"The man says he is Irish, he is also drunk."
Ireland won a gold medal at the Olympics this year, but after the appalling intervention of ex-priest and arch-gobshite Neil Horan in the marathon, Cian O’Connor’s performance in the showjumping competition wont’ be remembered as Ireland’s main contribution to the games. Dressed in a kilt and green hat with a handwritten sign on his chest reading “The Second Coming is Near,” Horan attacked the leader of the race, Brazil’s Vanderlei de Lima, at around the 21-mile mark. He knocked the guy over into the crash barriers. Amazingly, de Lima got up and—though he looked like he was in agony—continued running, only to be beaten into third place. Horan’s last public appearance was at the British Grand Prix at Silverstone last year, where he ran onto the track. You’ll notice from the news photos that he was wearing the same outfit then as now.
I am of course horribly embarrassed on behalf of Ireland generally, and I hope some of Horan’s sneaking regarders back home will be feeling bad now that they’ve pissed off the whole of Brazil and forever burned their already-slim chances of hitting it off with any of their volleyball players. At the same time, I despaired at the behavior of the Greek officials at the race. Although de Lima had a policeman riding alongside him, and the route was lined with people in official T-Shirts, and this was supposed to be games with the highest degree of camera surveillance in history, Horan had no trouble running out onto the course and attacking the leader.

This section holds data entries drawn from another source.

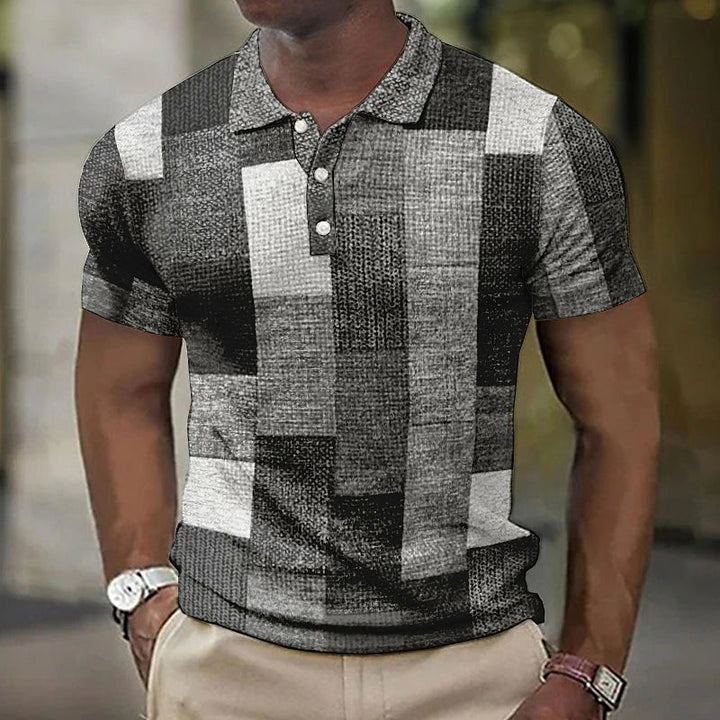 Veelzijdig heren poloshirt met een fris geometrisch colorblock ontwerp. Geschikt voor zowel casual als geklede stijl.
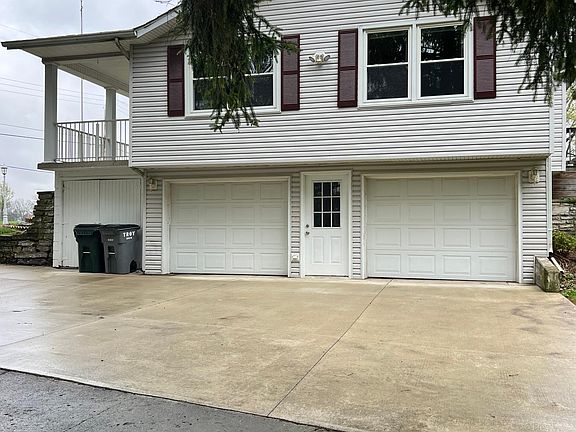 2 car garage with shed on left which sits below a bedroom and family room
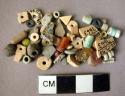 80 miscellaneous beads - ostrich egg shell, carnelian, faience and glass
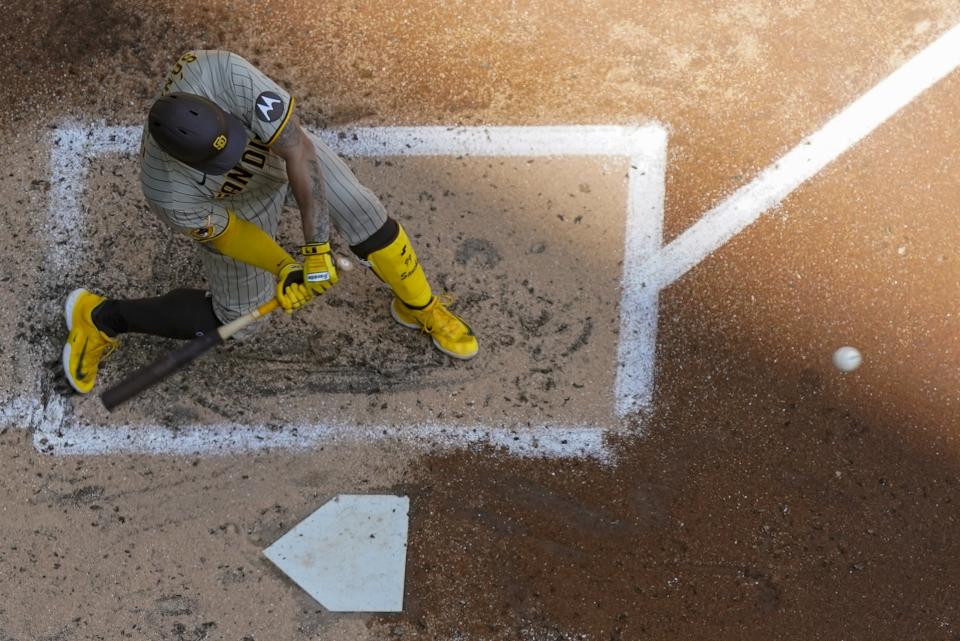 San Diego Padres' Gary Sanchez hits a two-run home run during the second inning of a baseball game against the Milwaukee Brewers Sunday, Aug. 27, 2023, in Milwaukee. (AP Photo/Morry Gash)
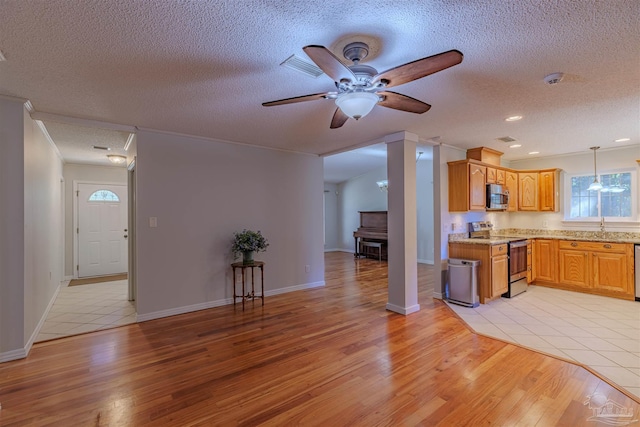 4679 E Spencer Field Rd, Pace, FL 32571 - kitchen with hanging light fixtures, light wood-style floors, appliances with stainless steel finishes, ceiling fan, and a textured ceiling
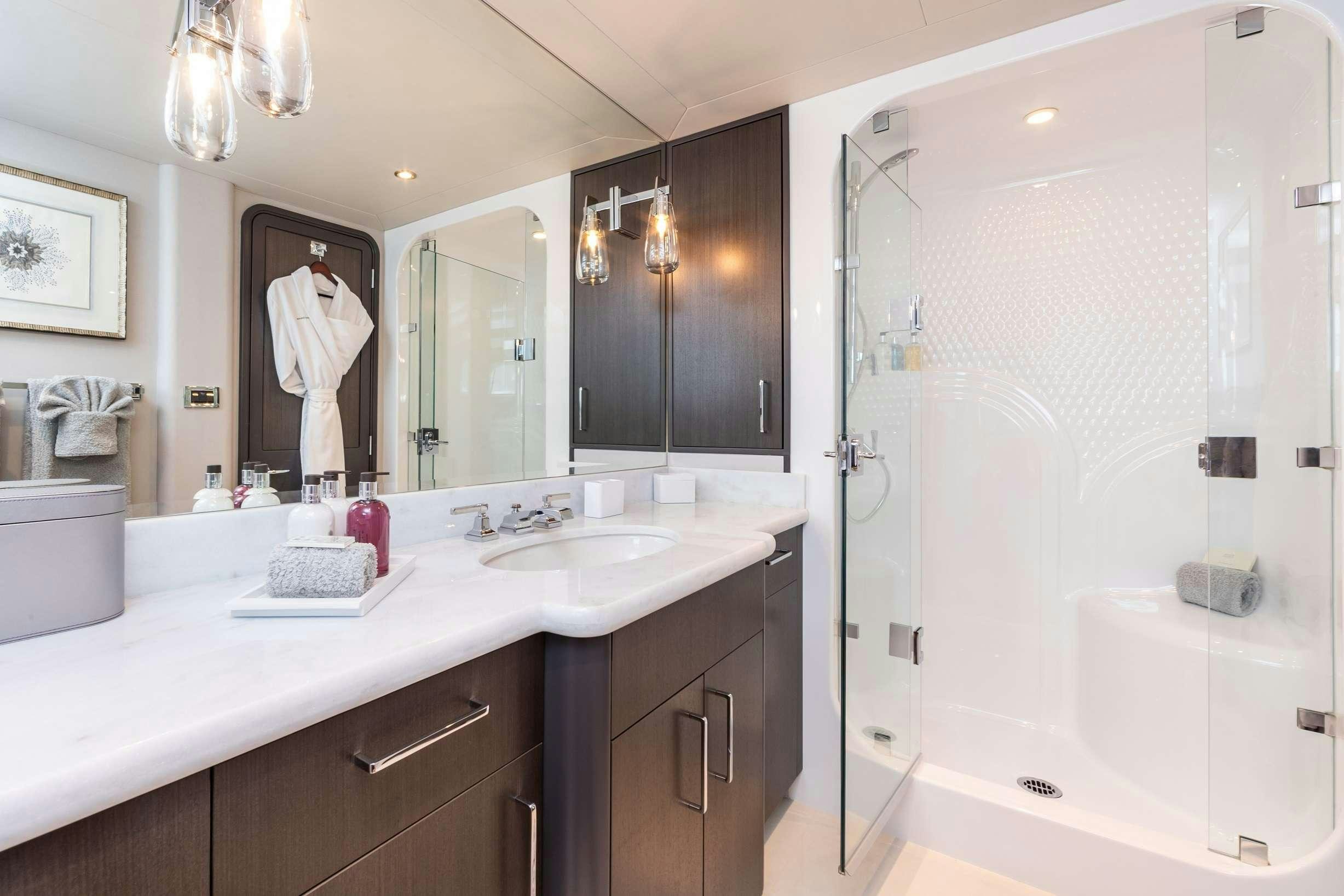 a bathroom with a large mirror aboard NO BAD IDEAS Yacht for Charter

The crowd reacted faster than the police. Even if you didn’t know that Horan had a history of interrupting major sporting events, you’d think that someone at the race might have suspected that the guy in the leprechaun costume with a Star of David on his leg and a message about the end of the world plastered to him just might have been planning to do something when the leading runners and the TV cameras hove into sight.